Natasha brought suit in the district court on her own behalf and on behalf of Katia against the City of Elgin and Officers Jason Lentz, Keith Chrastka, and Mona McKinley individually and in their official capacities. Plaintiffs sought relief under 42 U.S.C. § 1983 and Illinois law on the basis that Defendants violated their constitutional rights and caused them severe emotional distress. The district court granted the Defendants summary judgment on all counts. Plaintiffs now appeal the district court’s grant of summary judgment.

II. Discussion

Plaintiffs challenge the district court’s grant of summary judgment on three grounds. First, Plaintiffs allege that the district court erred in finding that the Plaintiffs could not show that the City of Elgin violated 42 U.S.C. § 1983 by failing to train its officers. Second, Plaintiffs allege that the district court erred in finding that the officers were entitled to immunity from prosecution. Finally, Plaintiffs allege that the district court erred in dismissing their intentional infliction of emotional distress claim based upon the finding that the Defendants’ conduct did not amount to extreme and outrageous behavior.

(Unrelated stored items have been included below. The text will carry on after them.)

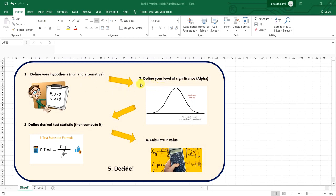After that you have to define your level of significance. This alpha is very important because you make your decision in step five based on it. After you calculate the p-value, you compare it to alpha. If the p-value is smaller than the level of significance, you can reject the null hypothesis. If it's bigger, you don't have enough evidence to reject it.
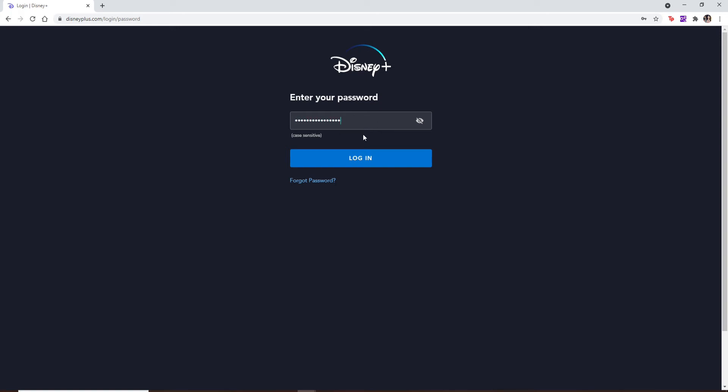and correctly. Double check your password by clicking on this eye icon in the right corner. Once you reveal and double check your password, you can easily click on the login button. But if you don't remember your password and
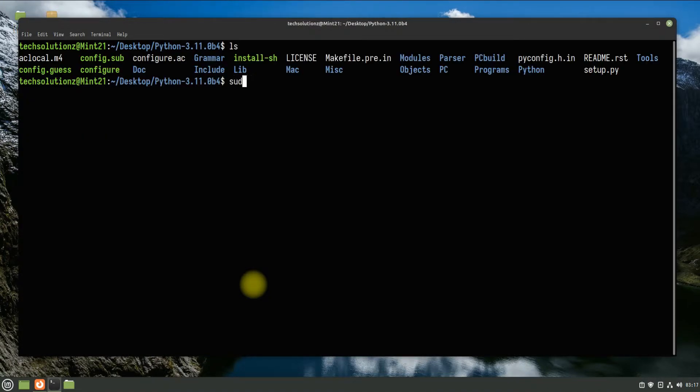Let's prepare for compilation and build up the Python installer. Optimize it with the shown command.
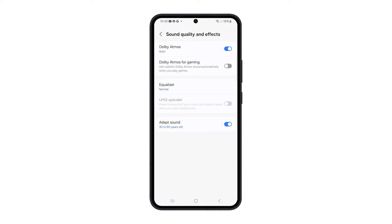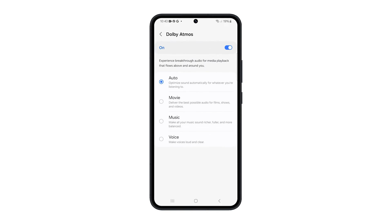To choose your desired sound setting, tap on Dolby Atmos and choose one of the options. Auto will optimize sound automatically for whatever you're listening to. Movie will deliver the best possible audio for films, shows, and videos.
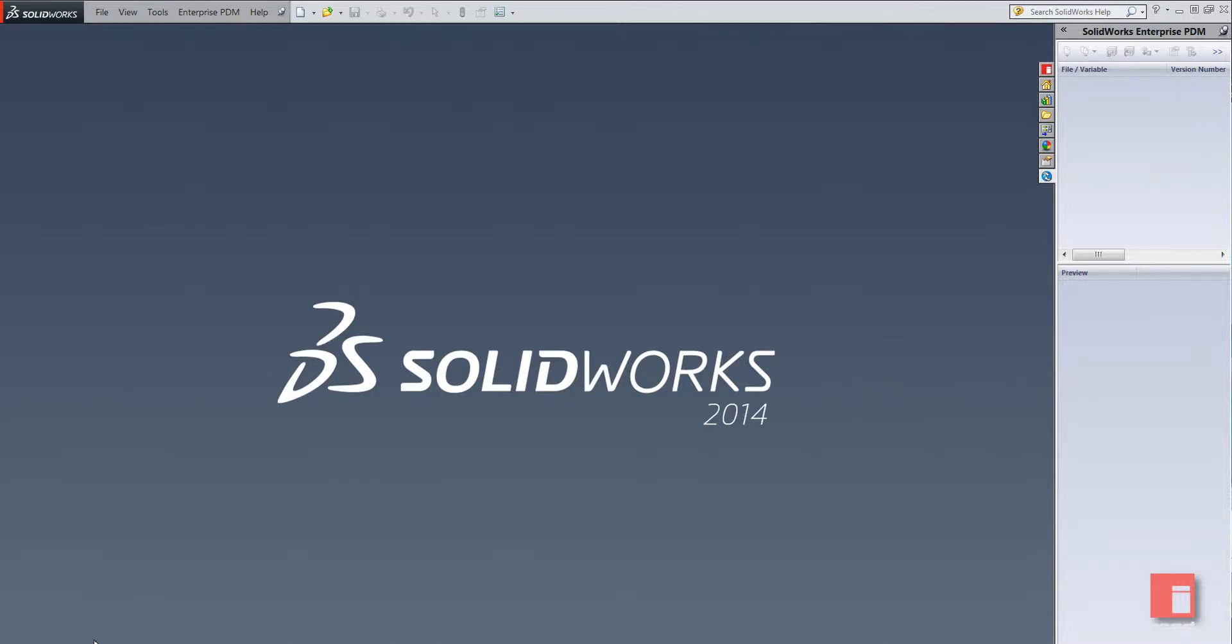Hello and welcome to this short YouTube video on how to manage your SOLIDWORKS simulation result files inside of SOLIDWORKS Enterprise PDM.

We review a district court’s grant of summary judgment de novo. See Dykema v. Skoumal, 261 F.3d 701, 704 (7th Cir.2001). In doing so, we view the facts in the light most favorable to the non-moving party. See id. A grant of summary judgment is proper if there no genuine issue as to any material fact such that the moving party is entitled to a judgment as a matter of law. Tesch v. County of Green Lake, 157 F.3d 465, 471 (7th Cir.1998).